START Provided material

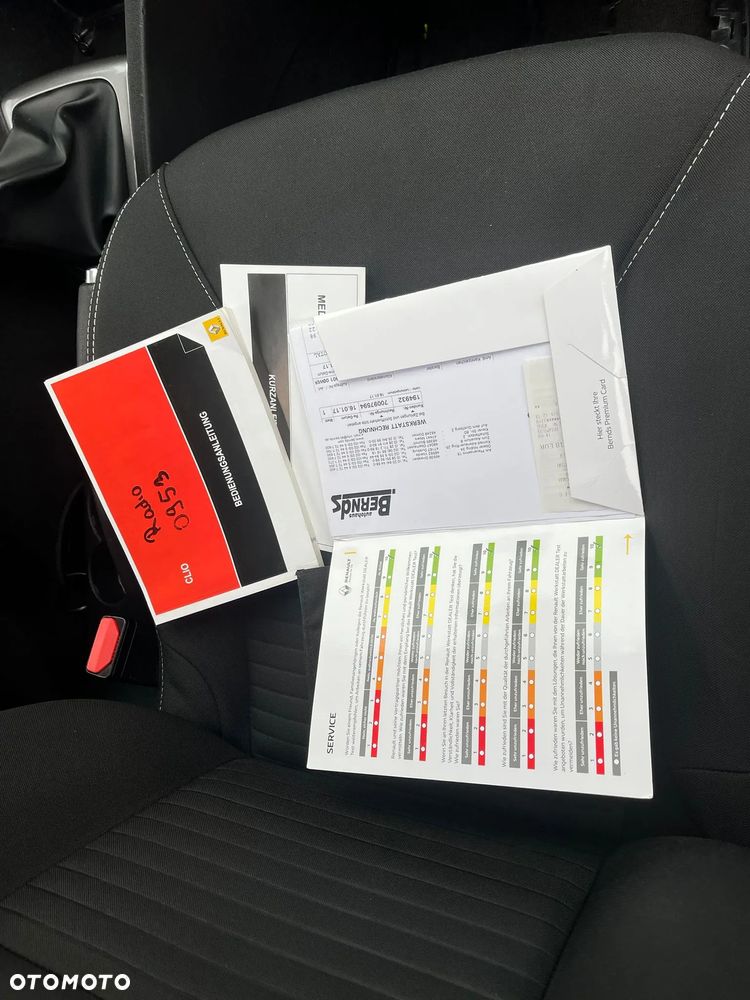 Renault Clio 1.2 16V 75 LIMITED - 8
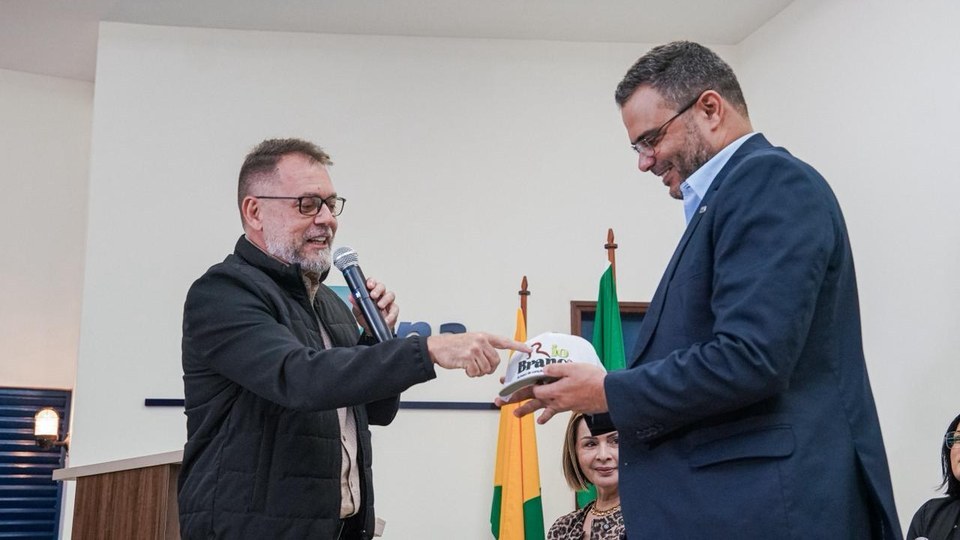 Leia mais sobre o artigo Prefeito de Rio Branco prestigia solenidade pelos 50 anos da Embrapa Acre
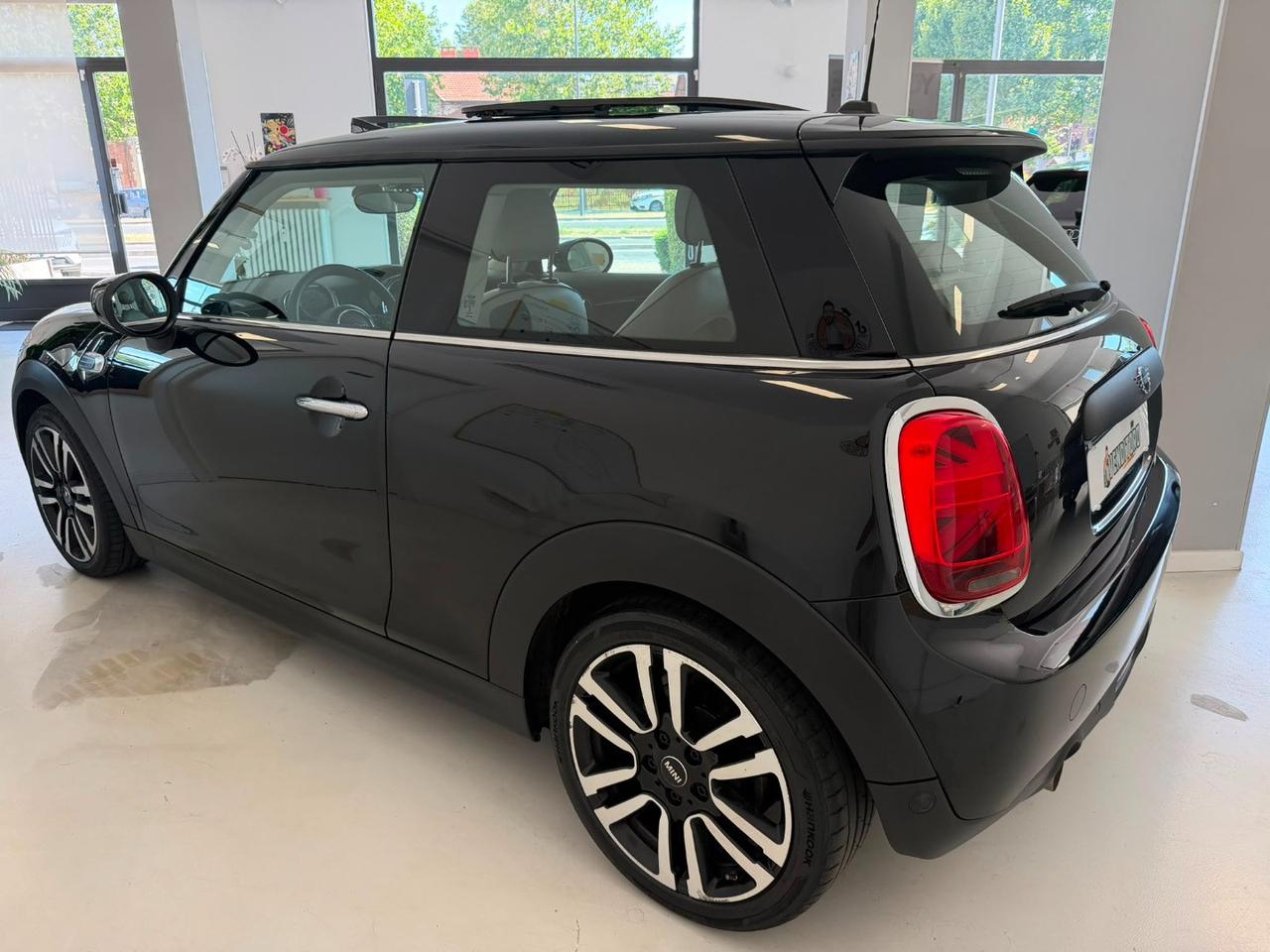 MINI Mini One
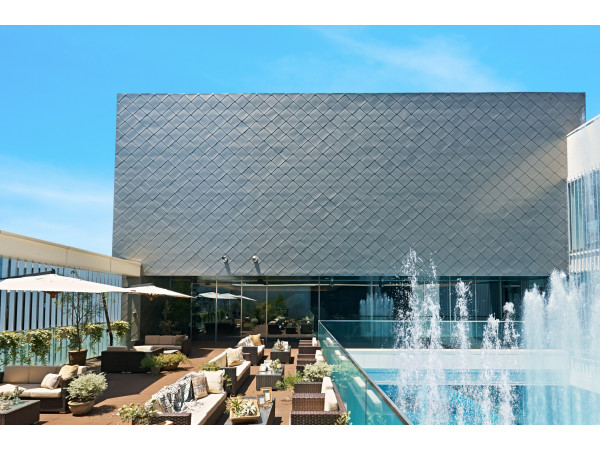 福岡 天神モノリス (FUKUOKA TENJIN MONOLITH)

END Provided material

Work to complete
The expected answer is the lines from the one that has "MINI Mini One" to the end of the listing, transcribed exactly, with pictures left out and no other line added.

Written solution
 MINI Mini One
 福岡 天神モノリス (FUKUOKA TENJIN MONOLITH)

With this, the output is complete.